How to Integrate It into a Pipeline (Practical Steps)
- Map your JSON schema to a TOON version: prioritize fields that repeat most (IDs, keys, large arrays)
- Use the official SDK to serialize/parse and validate against schemas before sending to the LLM; this prevents format errors in production
- A/B Benchmark: compare tokens per request, latency, and cost per 1,000 requests; also measure impact on response quality
- Gradual rollout: start with example prompts and detailed logs to detect semantic degradations
Example Implementation
import { encode, decode } from "@toon-format/toon";
const data = {
users: [
{ id: 1, name: "Alice", role: "admin" },
{ id: 2, name: "Bob", role: "user" }
]
};
const toonData = encode(data);
console.log(toonData);
// Output:
// users[2,]{id,name,role}:
// 1,Alice,admin
// 2,Bob,user
Code language: JavaScript (javascript)
from toon import encode
data = {
"users": [
{"id": 1, "name": "Alice", "role": "admin"},
{"id": 2, "name": "Bob", "role": "user"}
]
}
print(encode(data))
# Output:
# users[2,]{id,name,role}:
# 1,Alice,admin
# 2,Bob,user
Code language: PHP (php)
Risks and Limitations
Compatibility: Some parsers and tools expect JSON; you need a conversion layer in the backend. However, the official TOON implementations provide this out of the box.
Serialization errors: Syntactic compression can hide bugs; validate with schemas and unit tests.
Quality vs compression: In cases with deeply nested or non-uniform structures, JSON may be more efficient. TOON excels with uniform arrays of objects but isn’t always optimal for every data shape.
When NOT to use TOON:
- Deeply nested or irregular data structures
- Non-AI use cases where JSON tooling is essential
- Semi-uniform arrays (40-60% tabular eligibility) where token savings diminish
The Verdict
Continuing to use JSON for LLMs in 2025 is like trying to send a fax using an iPhone. It works, but you’re wasting all the potential of the technology.

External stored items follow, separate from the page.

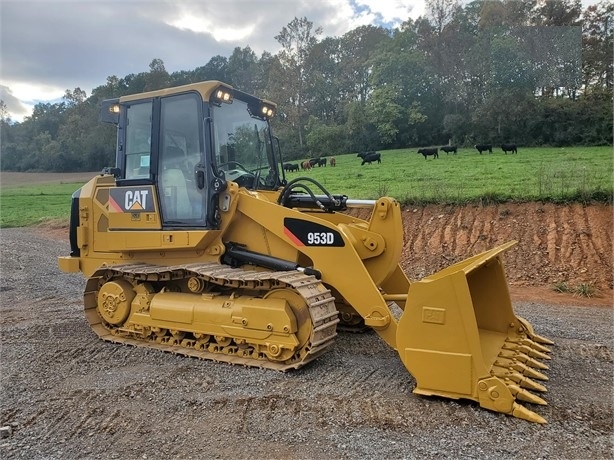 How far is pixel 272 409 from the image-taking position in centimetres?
421

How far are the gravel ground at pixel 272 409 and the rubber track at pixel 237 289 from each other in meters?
0.15

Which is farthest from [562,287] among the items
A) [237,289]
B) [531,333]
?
[237,289]

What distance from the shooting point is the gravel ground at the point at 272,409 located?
3.58 metres

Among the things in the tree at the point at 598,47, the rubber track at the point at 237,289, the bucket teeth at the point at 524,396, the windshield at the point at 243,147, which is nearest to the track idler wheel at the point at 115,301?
the rubber track at the point at 237,289

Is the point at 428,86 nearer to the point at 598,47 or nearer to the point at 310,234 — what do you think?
the point at 598,47

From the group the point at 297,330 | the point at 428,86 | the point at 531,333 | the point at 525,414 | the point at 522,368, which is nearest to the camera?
the point at 525,414

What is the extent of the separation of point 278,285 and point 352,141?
40.6m

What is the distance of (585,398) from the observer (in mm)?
4250

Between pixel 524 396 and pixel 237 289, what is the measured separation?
313 cm

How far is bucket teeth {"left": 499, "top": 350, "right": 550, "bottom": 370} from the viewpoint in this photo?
15.6 ft

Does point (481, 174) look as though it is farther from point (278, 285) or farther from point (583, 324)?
point (278, 285)

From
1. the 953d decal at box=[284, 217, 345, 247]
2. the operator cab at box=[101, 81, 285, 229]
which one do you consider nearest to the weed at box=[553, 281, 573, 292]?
the 953d decal at box=[284, 217, 345, 247]

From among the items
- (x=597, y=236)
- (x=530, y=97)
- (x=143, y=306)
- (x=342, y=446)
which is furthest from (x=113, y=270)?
(x=530, y=97)

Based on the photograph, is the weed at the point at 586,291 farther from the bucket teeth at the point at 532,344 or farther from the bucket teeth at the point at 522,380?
the bucket teeth at the point at 522,380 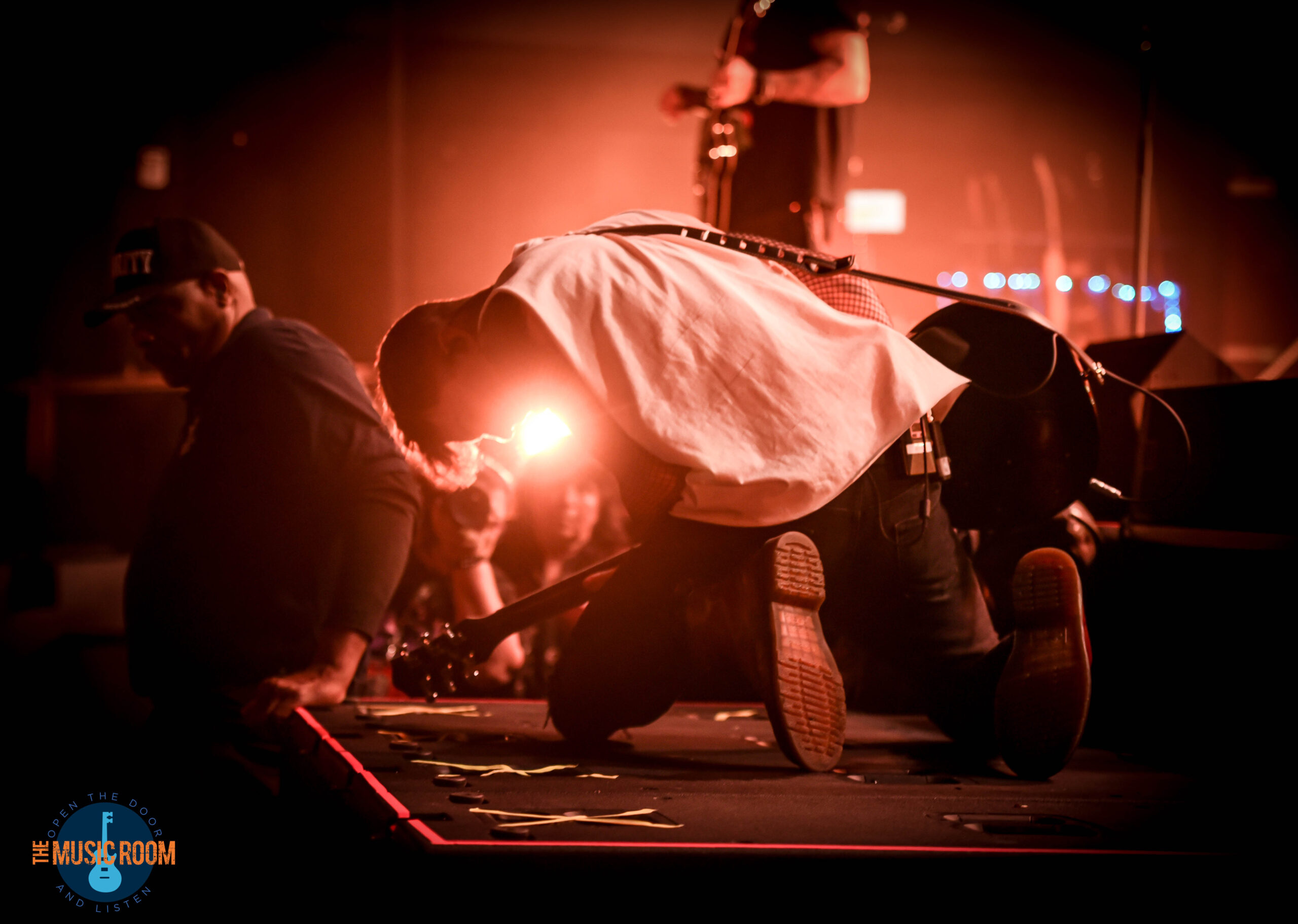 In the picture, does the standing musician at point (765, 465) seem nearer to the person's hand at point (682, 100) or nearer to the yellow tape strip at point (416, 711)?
the yellow tape strip at point (416, 711)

TOON isn’t just a format; it’s a statement of principles about efficiency in AI. TOON’s sweet spot is uniform arrays of objects (multiple fields per row, same structure across items), achieving CSV-like compactness while adding explicit structure that helps LLMs parse and validate data reliably.
If you’re serious about your application’s speed and cost optimization, it’s time to let go of the curly braces {} and embrace density.
Are you ready to reclaim your tokens?